• ASSIGNMENT:
Leave out the pictures and retype, exactly, the lines below from the line with "Sexy Married Bhabhi" up to and including the line with "Violetrousse online show from 23, 10, 2025", nothing more.

• INFORMATION GIVEN:
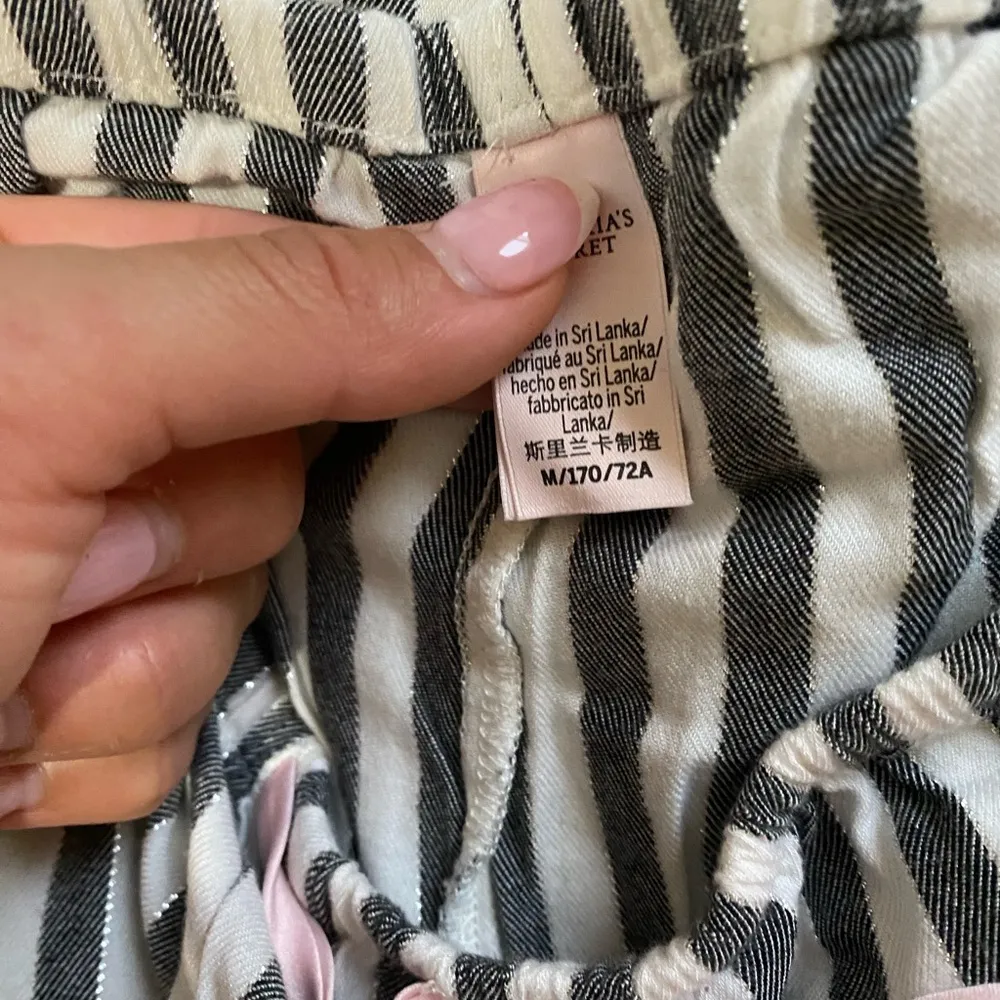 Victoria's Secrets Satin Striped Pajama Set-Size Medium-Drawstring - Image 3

--

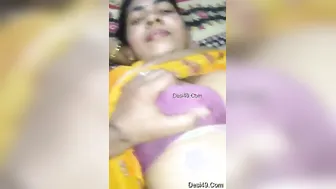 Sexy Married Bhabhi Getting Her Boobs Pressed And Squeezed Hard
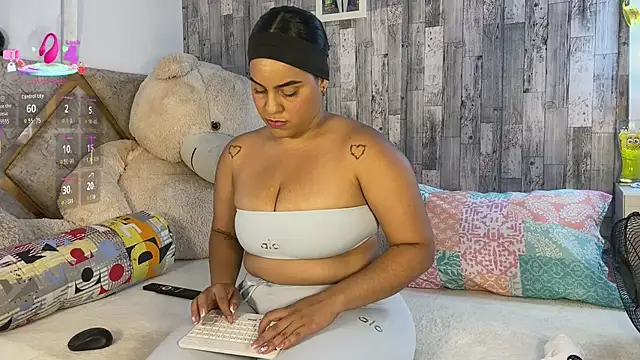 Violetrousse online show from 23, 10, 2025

--

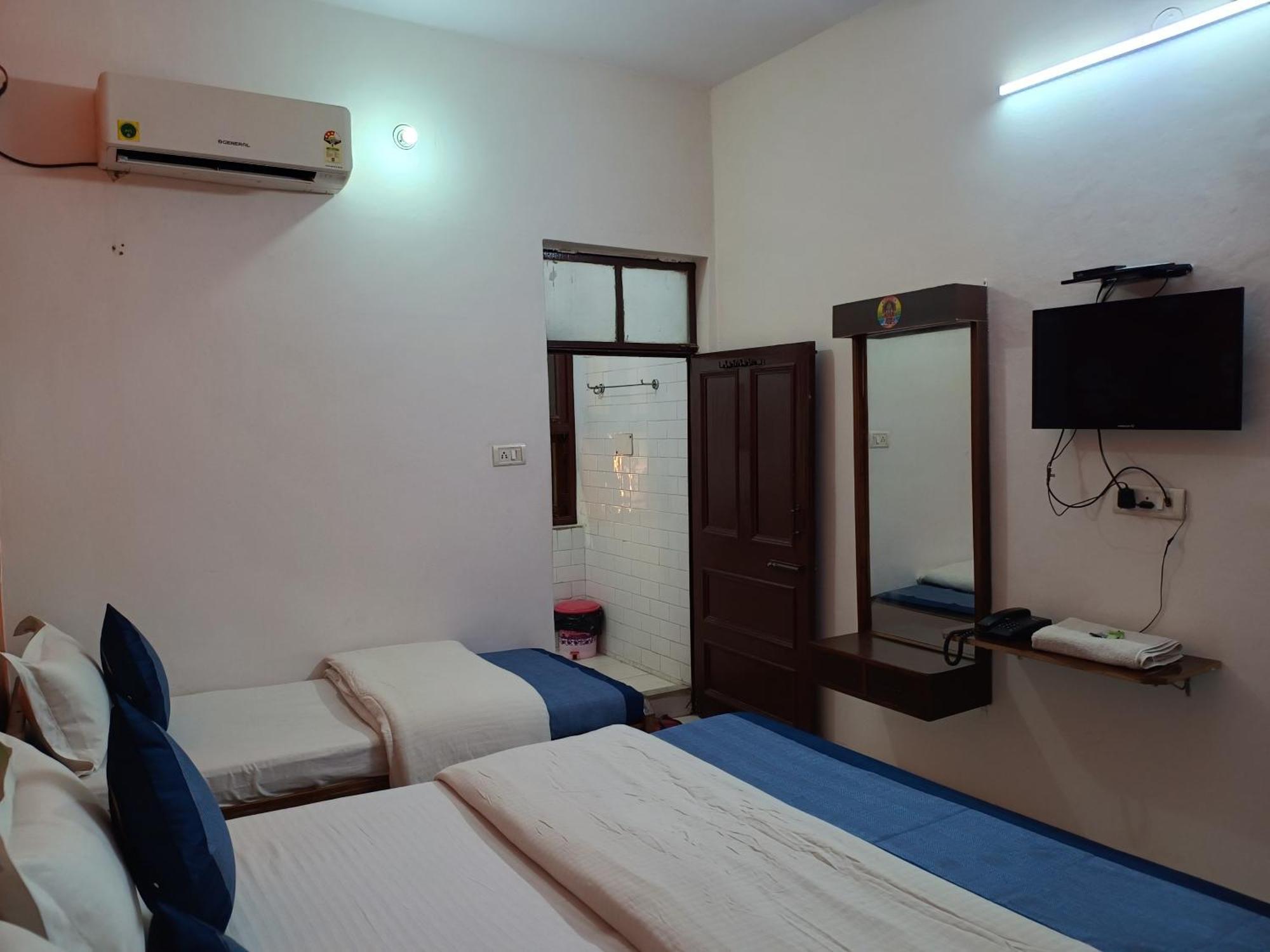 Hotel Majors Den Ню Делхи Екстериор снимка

• ANSWER TO THIS TASK:
 Sexy Married Bhabhi Getting Her Boobs Pressed And Squeezed Hard
 Violetrousse online show from 23, 10, 2025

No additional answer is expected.